Americans Reid Wiseman, Victor Glober and Christina Koch -- along with Canadian Jeremy Hansen -- will carry out the approximately 10-day trip.
The odyssey will mark a series of firsts: the first time a woman, a person of color and a non-American will venture on a Moon mission.
It's also the inaugural crewed flight of NASA's new lunar rocket, dubbed SLS.
The mammoth orange-and-white rocket is designed to allow the United States to repeatedly return to the Moon in years to come, with the goal of establishing a permanent base that will offer a stepping stone for further exploration.
"We're going back to the Moon because it's the next step in our journey to Mars," said Wiseman, the Artemis II commander, on a NASA podcast.
- Space Race 2.0? -
The Artemis program -- named in honor of Apollo's goddess twin -- aims to test technologies needed to one day send humans to Mars, a far more distant journey.
That ambition presents an immense challenge -- which is compounded by pressure to achieve it before China does.
China is currently aiming to land humans on the Moon by 2030.
Beijing is also targeting the lunar South Pole, not least for its rich natural resource potential.
The competition recalls the 1960s-era Space Race between the US and the Soviet Union -- but Harvard professor Matthew Hersch said that rivalry was "unique" and "will not be repeated anytime soon."
He told AFP the Chinese are "not really competing with anyone but themselves."
Washington's lunar program investment is significantly lower now than during the Cold War era -- but the technology has changed dramatically.

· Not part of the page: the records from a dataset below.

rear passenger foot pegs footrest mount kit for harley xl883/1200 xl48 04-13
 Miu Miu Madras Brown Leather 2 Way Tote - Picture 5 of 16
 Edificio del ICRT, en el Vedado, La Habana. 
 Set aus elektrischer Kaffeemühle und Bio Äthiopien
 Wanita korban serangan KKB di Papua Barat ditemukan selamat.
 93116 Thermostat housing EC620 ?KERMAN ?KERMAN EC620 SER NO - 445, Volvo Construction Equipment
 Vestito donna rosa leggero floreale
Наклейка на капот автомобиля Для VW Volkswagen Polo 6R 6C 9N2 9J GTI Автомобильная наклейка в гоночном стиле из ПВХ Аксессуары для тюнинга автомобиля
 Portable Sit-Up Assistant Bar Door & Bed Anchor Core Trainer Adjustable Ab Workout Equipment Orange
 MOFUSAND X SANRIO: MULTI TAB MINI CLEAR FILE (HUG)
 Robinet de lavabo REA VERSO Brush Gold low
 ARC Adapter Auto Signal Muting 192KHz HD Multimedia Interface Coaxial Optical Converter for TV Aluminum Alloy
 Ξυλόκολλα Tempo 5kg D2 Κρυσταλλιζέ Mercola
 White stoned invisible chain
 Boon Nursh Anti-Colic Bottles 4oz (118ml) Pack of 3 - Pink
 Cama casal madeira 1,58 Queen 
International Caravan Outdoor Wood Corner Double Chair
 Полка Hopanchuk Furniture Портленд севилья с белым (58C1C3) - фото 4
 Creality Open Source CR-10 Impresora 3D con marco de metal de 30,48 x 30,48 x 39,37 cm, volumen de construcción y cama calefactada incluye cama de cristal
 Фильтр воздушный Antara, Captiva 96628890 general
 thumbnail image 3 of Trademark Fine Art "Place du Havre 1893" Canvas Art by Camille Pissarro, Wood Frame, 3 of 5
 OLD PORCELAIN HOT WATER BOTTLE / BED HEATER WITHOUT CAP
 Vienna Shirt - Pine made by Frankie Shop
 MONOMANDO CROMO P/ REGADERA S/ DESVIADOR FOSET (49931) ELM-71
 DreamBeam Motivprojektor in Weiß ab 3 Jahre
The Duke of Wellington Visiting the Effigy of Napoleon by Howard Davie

"The computer technology that supports the Artemis 2 crew would be almost unimaginable to the Apollo 8 crew, which went to the Moon in a spacecraft with the electronics of a modern high-end toaster oven," Hersch said.
And yet the Artemis 2 mission will not be without risks, even by NASA's own admission.
The crew will board a spacecraft that has never once carried humans or traveled to the Moon, which is more than 384,000 kilometers (238,855 miles) from Earth -- or roughly 1,000 times further away than the International Space Station.
"We don't accept anything less than perfect, otherwise we're accepting greater risk," NASA's former chief astronaut Peggy Whitson told AFP.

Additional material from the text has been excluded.